## What you should do
Copy out every line of the data exactly; do not include the images.

(Material supplied)

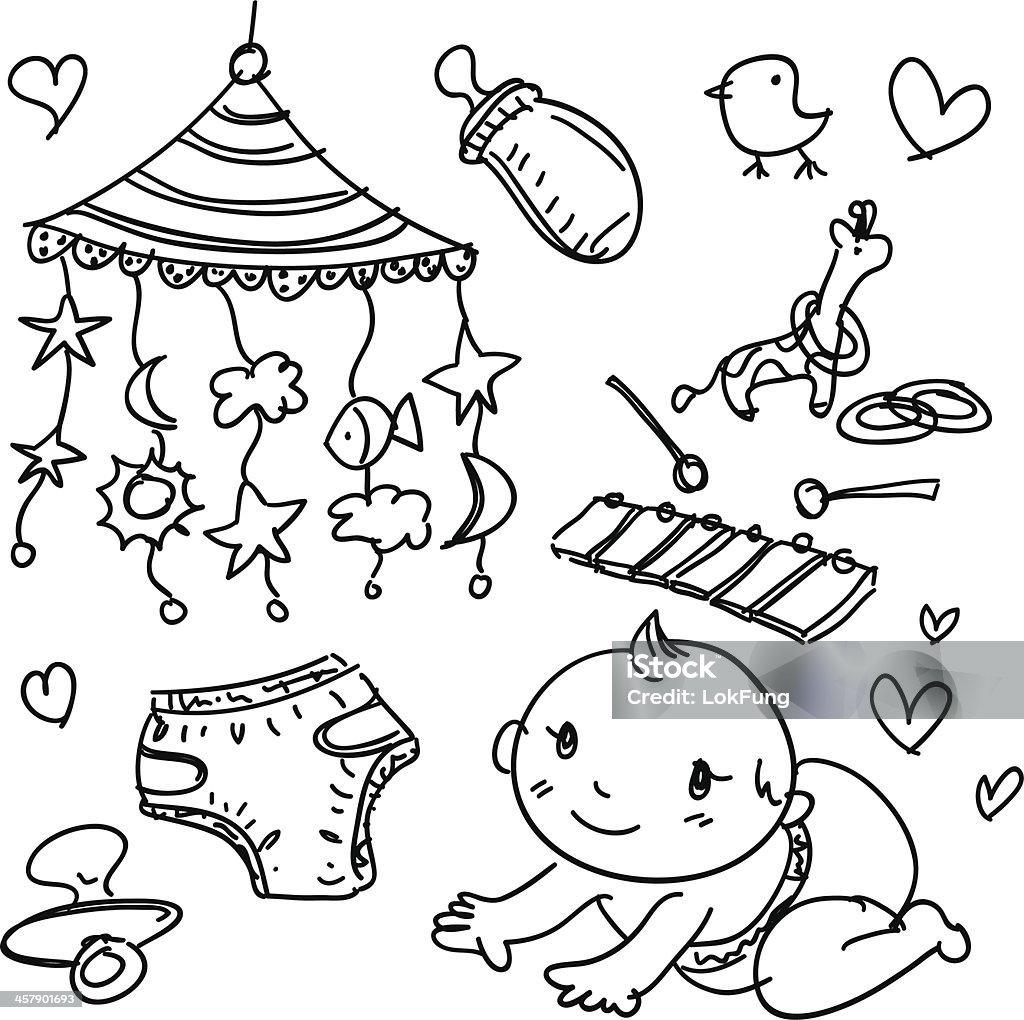 Baby's products in sketch style Sketing Drawing of baby's products.  Baby - Human Age stock vector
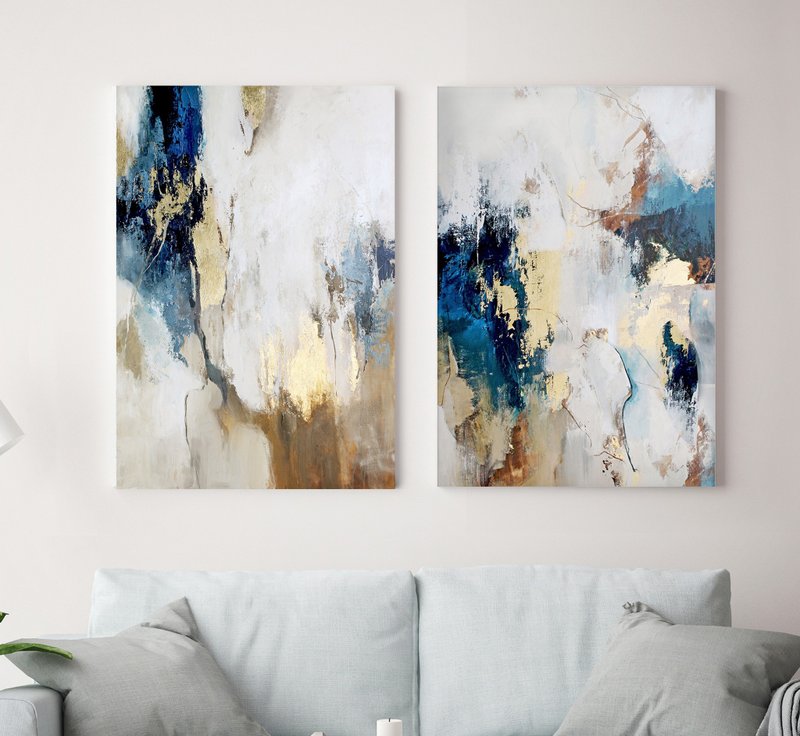 Blue and Gold Abstract Painting | Set of 2 Abstract Paintings | Flow Set - 壁貼/牆壁裝飾 - 棉．麻 藍色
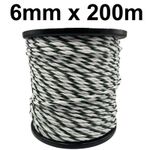 6mm Electric Fence White and Green Poly Rope - 200m Roll Fencing 6 x 0.2mm horse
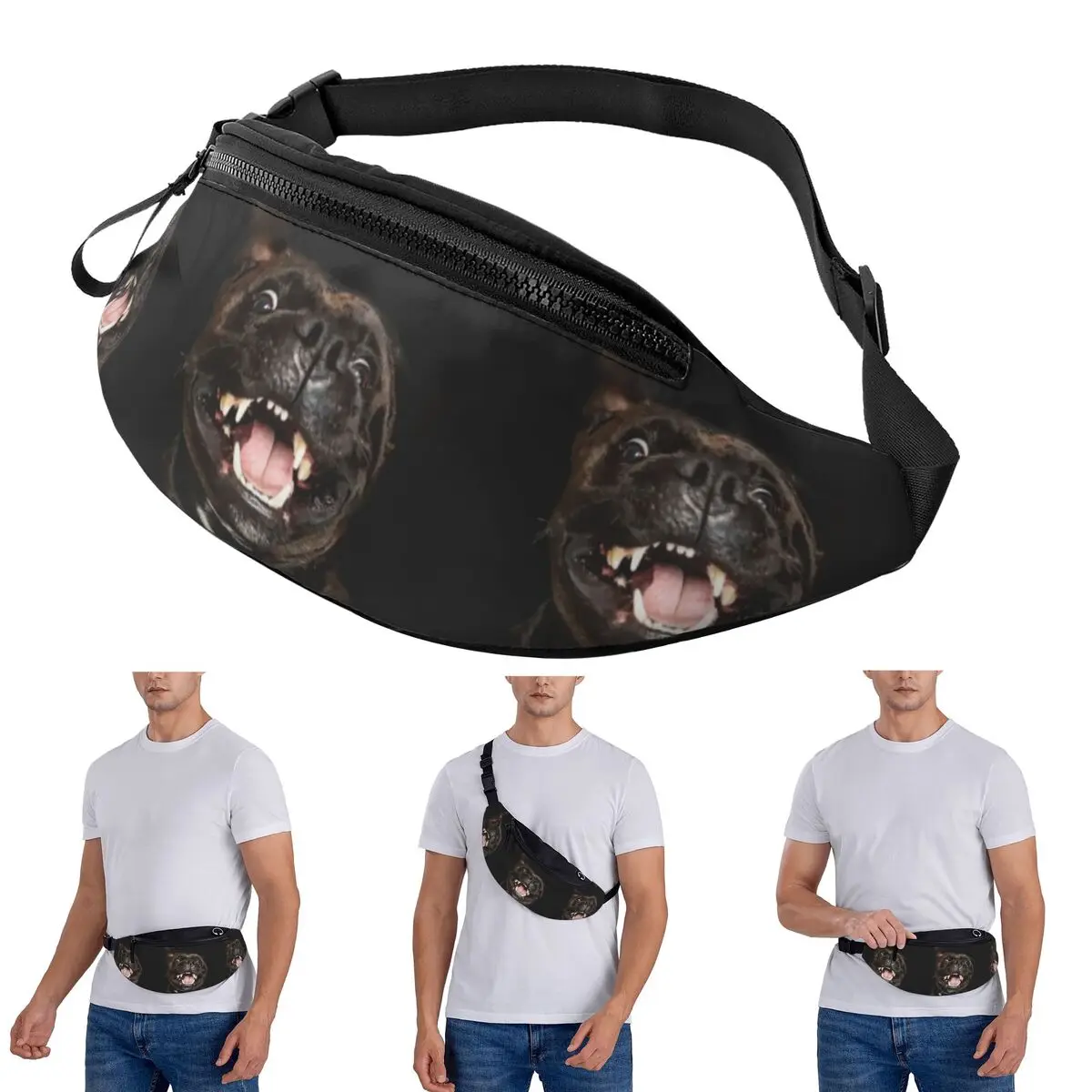 

Crossbody Waist Bag Staffordshire Bull Terrier Men Women Fanny Pack Traveling Running Money Phone Pouch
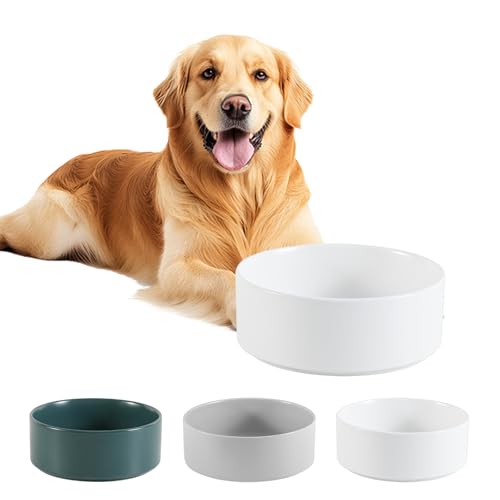 Hundenapf Keramik Futternapf Hund Groß - Fressnapf & Wassernapf für mittelgroße und große Hunde - 750 g / 1750 ml - Weiß (1 Stück) von PTOBER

(End Material supplied)

## Exercise response
 Baby's products in sketch style Sketing Drawing of baby's products.  Baby - Human Age stock vector
 Blue and Gold Abstract Painting | Set of 2 Abstract Paintings | Flow Set - 壁貼/牆壁裝飾 - 棉．麻 藍色
 6mm Electric Fence White and Green Poly Rope - 200m Roll Fencing 6 x 0.2mm horse

Crossbody Waist Bag Staffordshire Bull Terrier Men Women Fanny Pack Traveling Running Money Phone Pouch
 Hundenapf Keramik Futternapf Hund Groß - Fressnapf & Wassernapf für mittelgroße und große Hunde - 750 g / 1750 ml - Weiß (1 Stück) von PTOBER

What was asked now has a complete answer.